- _What needs to be done_
Here the job is to transcribe the data exactly while omitting the images.

- _Information shown_

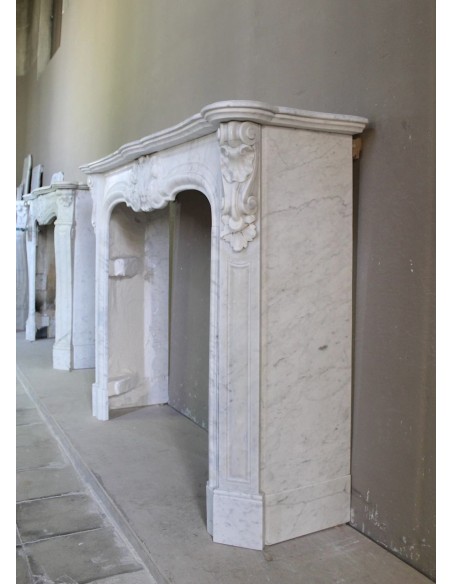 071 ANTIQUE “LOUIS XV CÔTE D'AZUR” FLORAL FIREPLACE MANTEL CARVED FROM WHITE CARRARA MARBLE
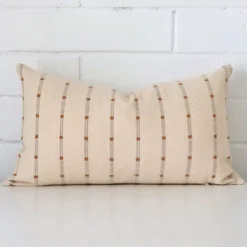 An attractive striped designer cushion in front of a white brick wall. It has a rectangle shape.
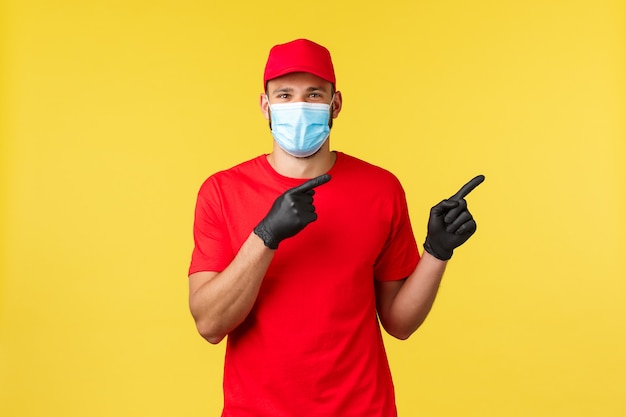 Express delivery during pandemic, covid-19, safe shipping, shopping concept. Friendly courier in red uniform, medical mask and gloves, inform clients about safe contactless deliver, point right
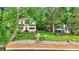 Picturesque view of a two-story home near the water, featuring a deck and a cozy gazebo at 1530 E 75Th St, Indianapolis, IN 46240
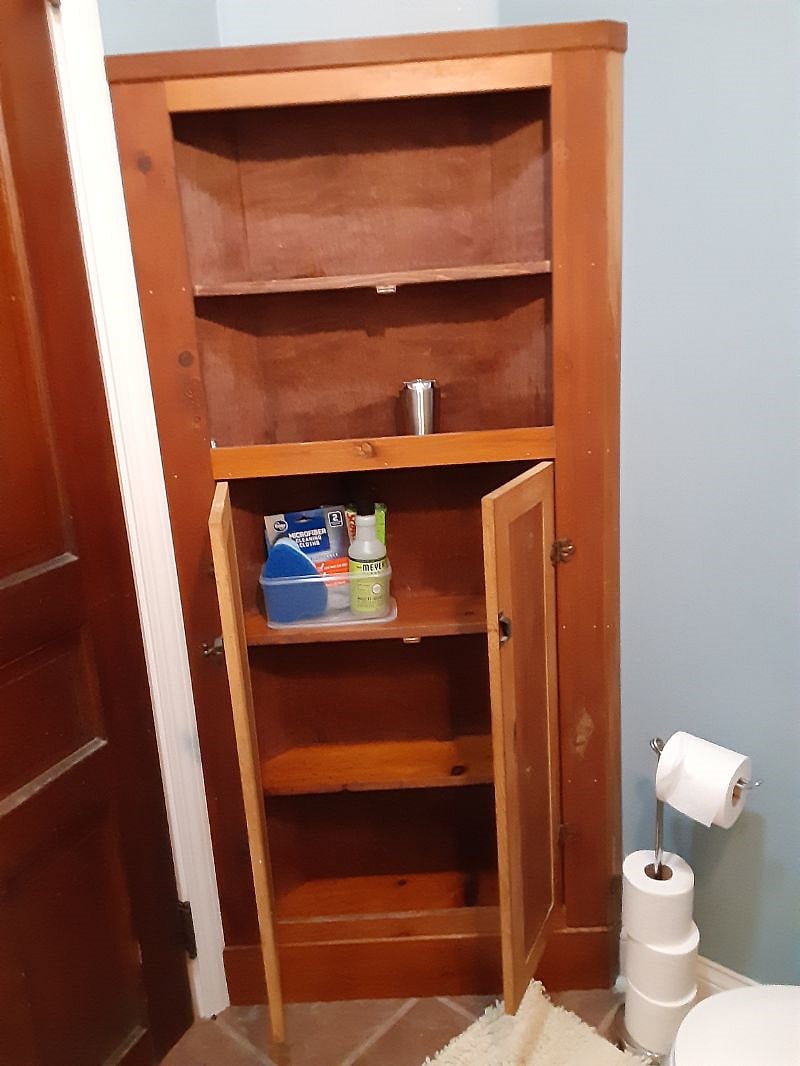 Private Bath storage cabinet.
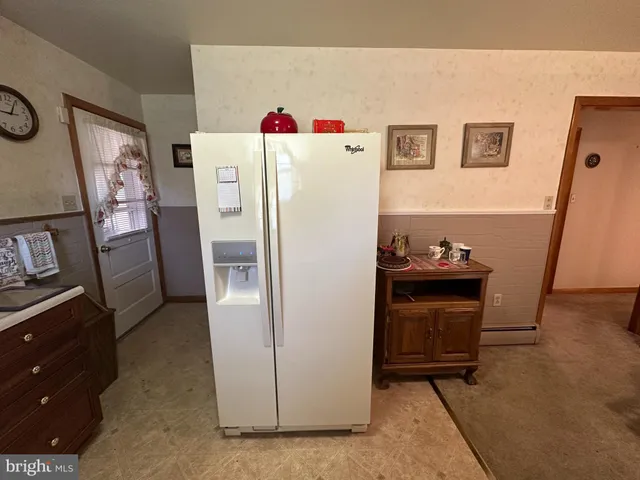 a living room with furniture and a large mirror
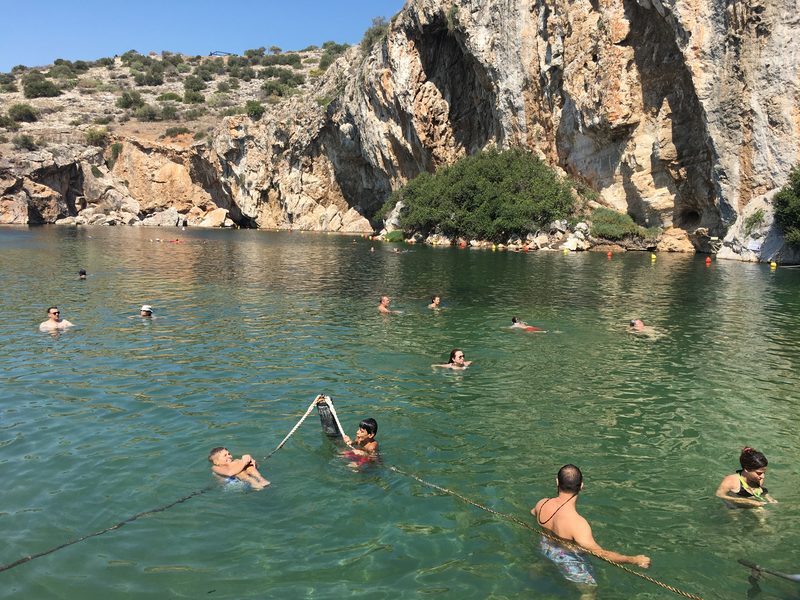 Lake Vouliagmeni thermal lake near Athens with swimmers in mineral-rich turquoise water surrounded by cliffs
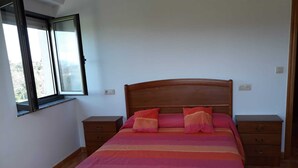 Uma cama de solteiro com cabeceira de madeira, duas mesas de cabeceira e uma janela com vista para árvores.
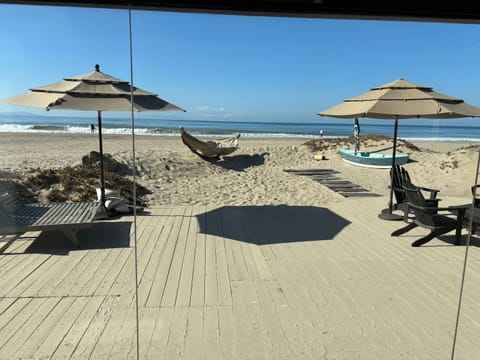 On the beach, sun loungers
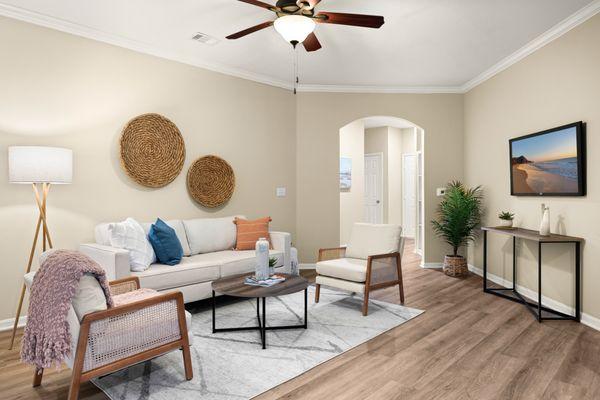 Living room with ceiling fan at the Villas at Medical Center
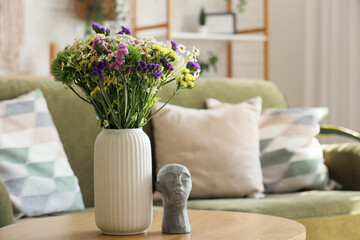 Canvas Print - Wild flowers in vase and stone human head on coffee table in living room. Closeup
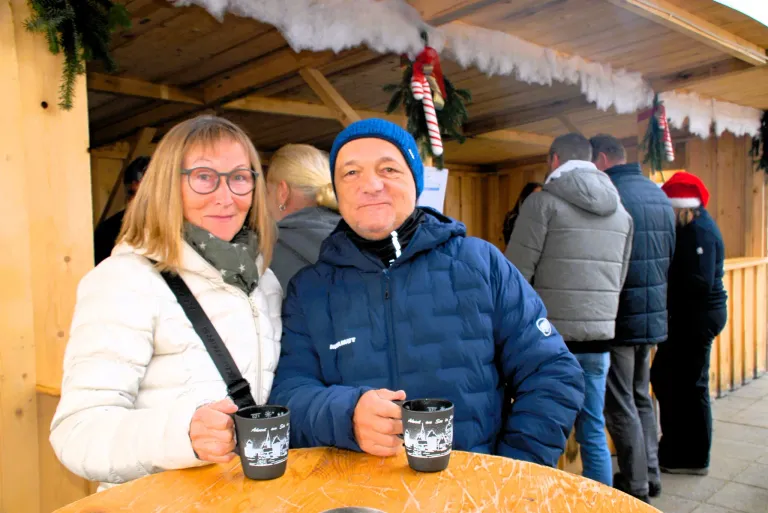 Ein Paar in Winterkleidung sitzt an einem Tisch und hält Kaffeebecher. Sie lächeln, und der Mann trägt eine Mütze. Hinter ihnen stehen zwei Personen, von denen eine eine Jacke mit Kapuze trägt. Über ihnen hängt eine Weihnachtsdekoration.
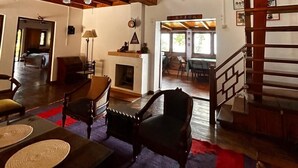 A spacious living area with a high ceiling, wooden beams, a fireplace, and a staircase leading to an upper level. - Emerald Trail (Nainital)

- _Exercise response_
 071 ANTIQUE “LOUIS XV CÔTE D'AZUR” FLORAL FIREPLACE MANTEL CARVED FROM WHITE CARRARA MARBLE
 An attractive striped designer cushion in front of a white brick wall. It has a rectangle shape.
 Express delivery during pandemic, covid-19, safe shipping, shopping concept. Friendly courier in red uniform, medical mask and gloves, inform clients about safe contactless deliver, point right
 Picturesque view of a two-story home near the water, featuring a deck and a cozy gazebo at 1530 E 75Th St, Indianapolis, IN 46240
 Private Bath storage cabinet.
 a living room with furniture and a large mirror
 Lake Vouliagmeni thermal lake near Athens with swimmers in mineral-rich turquoise water surrounded by cliffs
 Uma cama de solteiro com cabeceira de madeira, duas mesas de cabeceira e uma janela com vista para árvores.
 On the beach, sun loungers
 Living room with ceiling fan at the Villas at Medical Center
 Canvas Print - Wild flowers in vase and stone human head on coffee table in living room. Closeup
 Ein Paar in Winterkleidung sitzt an einem Tisch und hält Kaffeebecher. Sie lächeln, und der Mann trägt eine Mütze. Hinter ihnen stehen zwei Personen, von denen eine eine Jacke mit Kapuze trägt. Über ihnen hängt eine Weihnachtsdekoration.
 A spacious living area with a high ceiling, wooden beams, a fireplace, and a staircase leading to an upper level. - Emerald Trail (Nainital)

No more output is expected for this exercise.